Globally align a pair of seqs or alignments with Needleman-Wunsch.

Parameters:
seq1GrammaredSequence or TabularMSA

The first unaligned sequence(s).

seq2GrammaredSequence or TabularMSA

The second unaligned sequence(s).

gap_open_penaltyint or float

Penalty for opening a gap (this is substracted from previous best alignment score, so is typically positive).

gap_extend_penaltyint or float

Penalty for extending a gap (this is substracted from previous best alignment score, so is typically positive).

substitution_matrix: 2D dict (or similar)

Lookup for substitution scores (these values are added to the previous best alignment score).

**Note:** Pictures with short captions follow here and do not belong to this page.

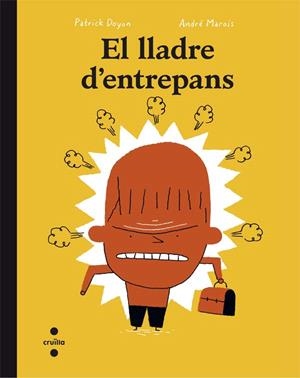 EL LLADRE D'ENTREPANS | 9788466140041 | DOYON, PATRICK | Galatea Llibres | Llibreria online de Reus, Tarragona | Comprar llibres en català i castellà online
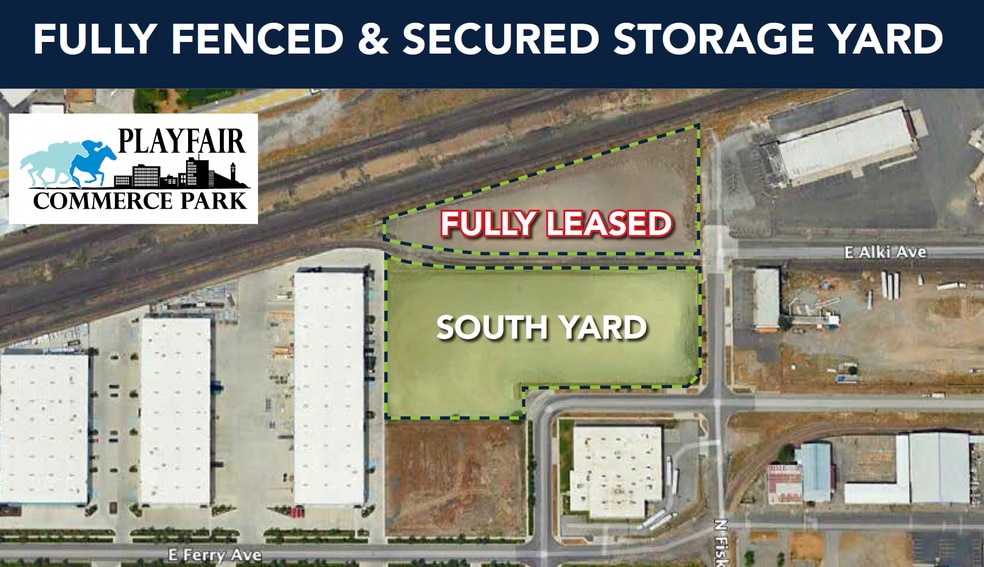 Primary Photo Of 501 N Haven St, Spokane Land For Lease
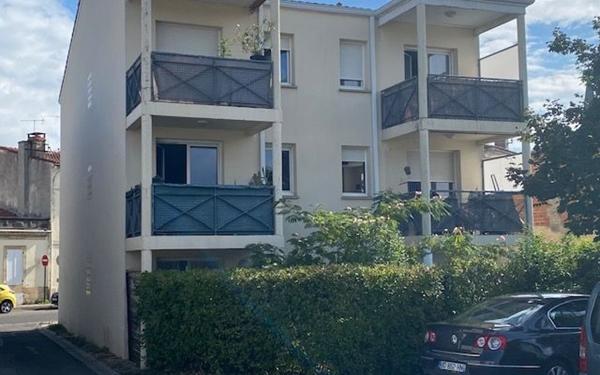 Appartement à vendre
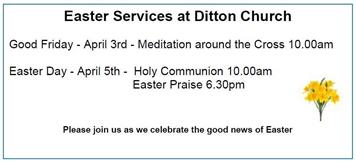 Easter Services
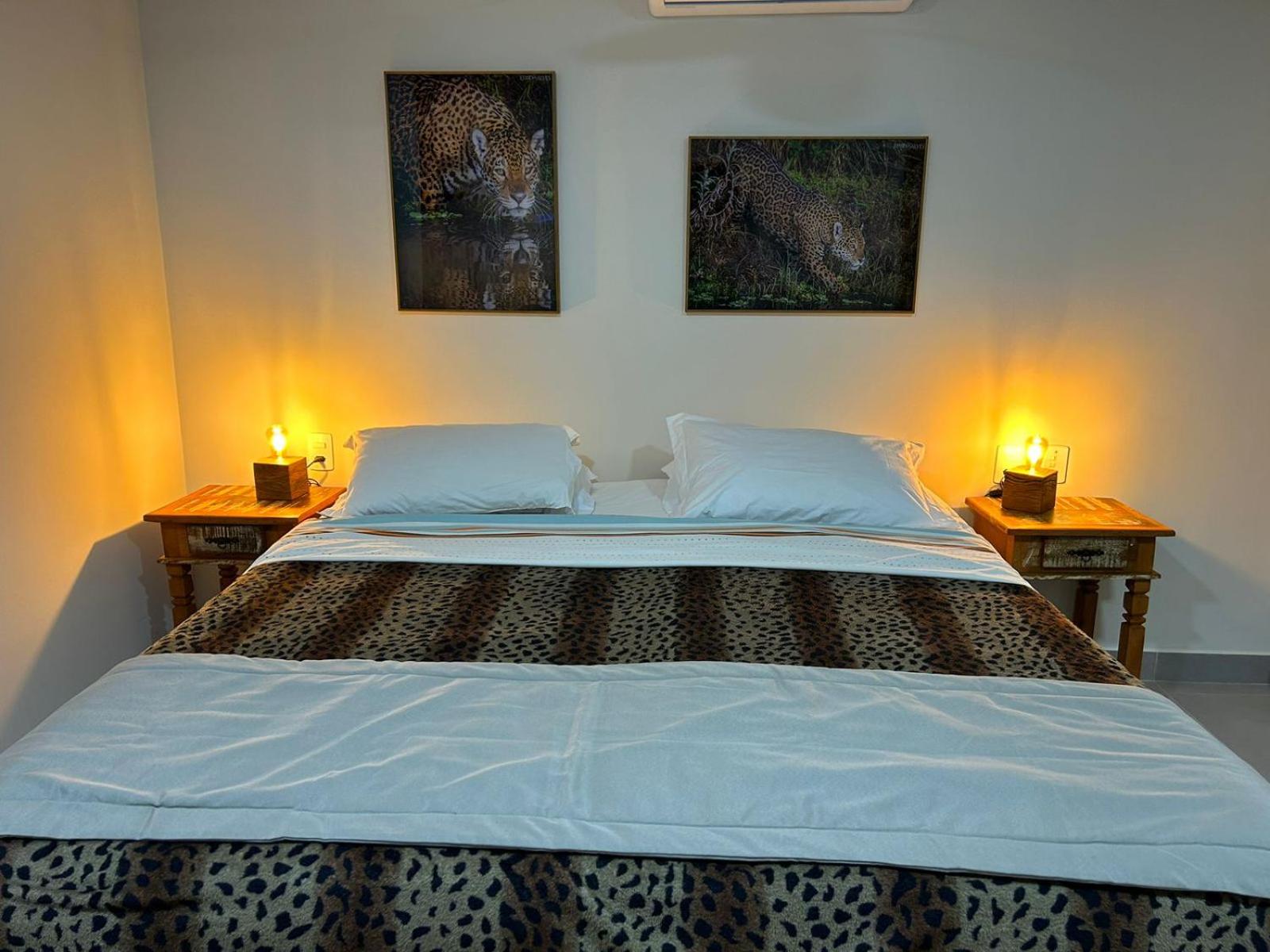 Villa Lorita - Suíte PANTANAL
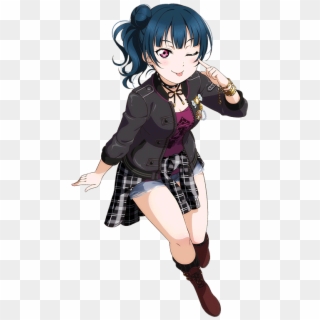 Not Idolized - Love Live Punk Rock, HD Png Download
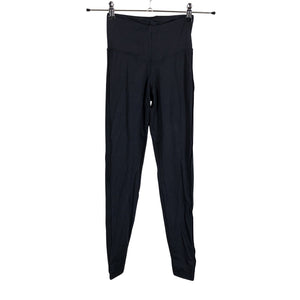 Unisex Nebbia - Sports tights, size 34 - Black (1)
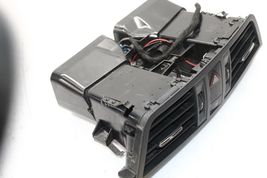 2010-13 MERCEDES E350 W212 COUPE FRONT CENTER AC HEATER AIR VENT HAZARD P7861 image 5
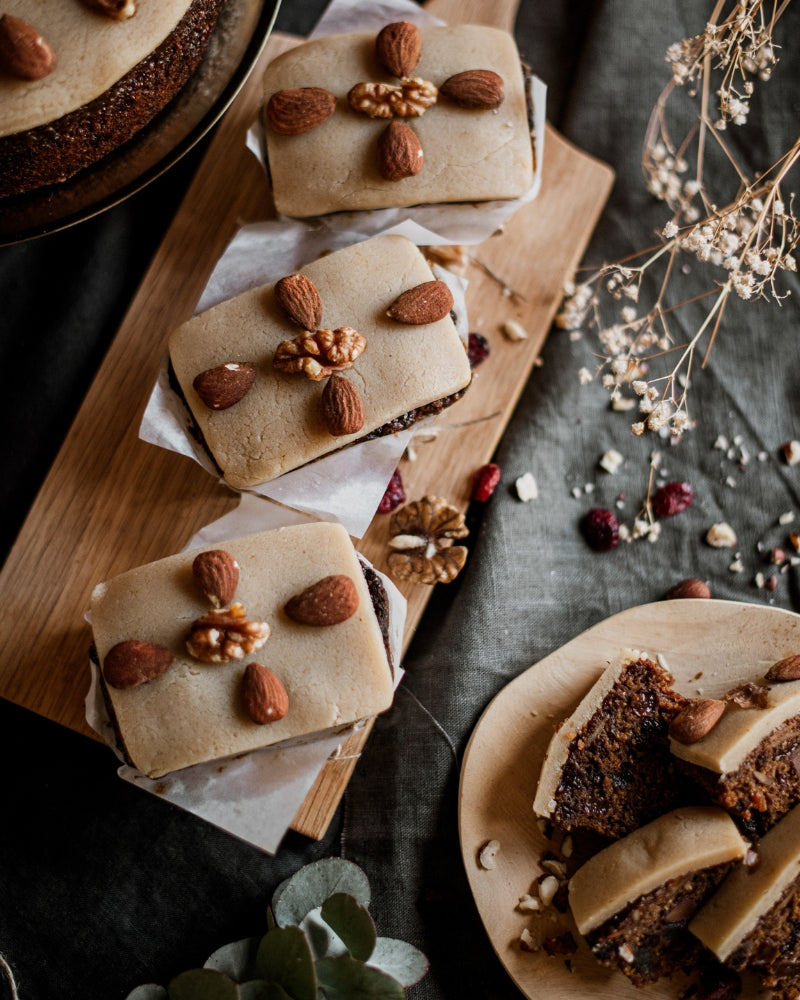 Mini Christmas Loaves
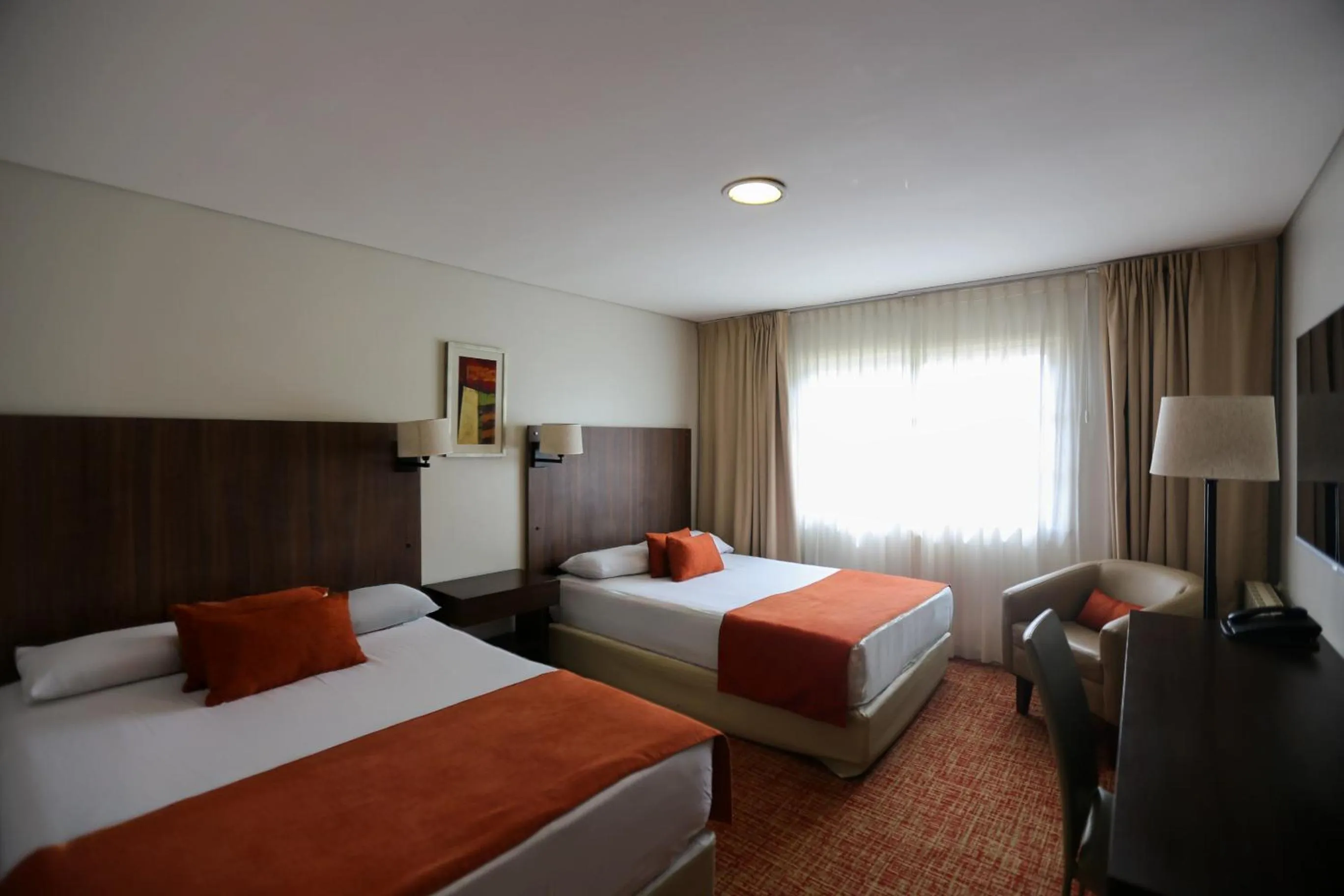 Photo of the whole room, Bed in Hotel Bahia Redonda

penalize_terminal_gaps: bool, optional

If True, will continue to penalize gaps even after one sequence has been aligned through its end. This behavior is true Needleman-Wunsch alignment, but results in (biologically irrelevant) artifacts when the sequences being aligned are of different length. This is False by default, which is very likely to be the behavior you want in all or nearly all cases.

Returns:
tuple

TabularMSA object containing the aligned sequences, alignment score (float), and start/end positions of each input sequence (iterable of two-item tuples). Note that start/end positions are indexes into the unaligned sequences.

Notes

This algorithm (in a slightly more basic form) was originally described in [1]. The scikit-bio implementation was validated against the EMBOSS needle web server [2].

This function can be use to align either a pair of sequences, a pair of alignments, or a sequence and an alignment.

References

[1]

A general method applicable to the search for similarities in the amino acid sequence of two proteins. Needleman SB, Wunsch CD. J Mol Biol. 1970 Mar;48(3):443-53.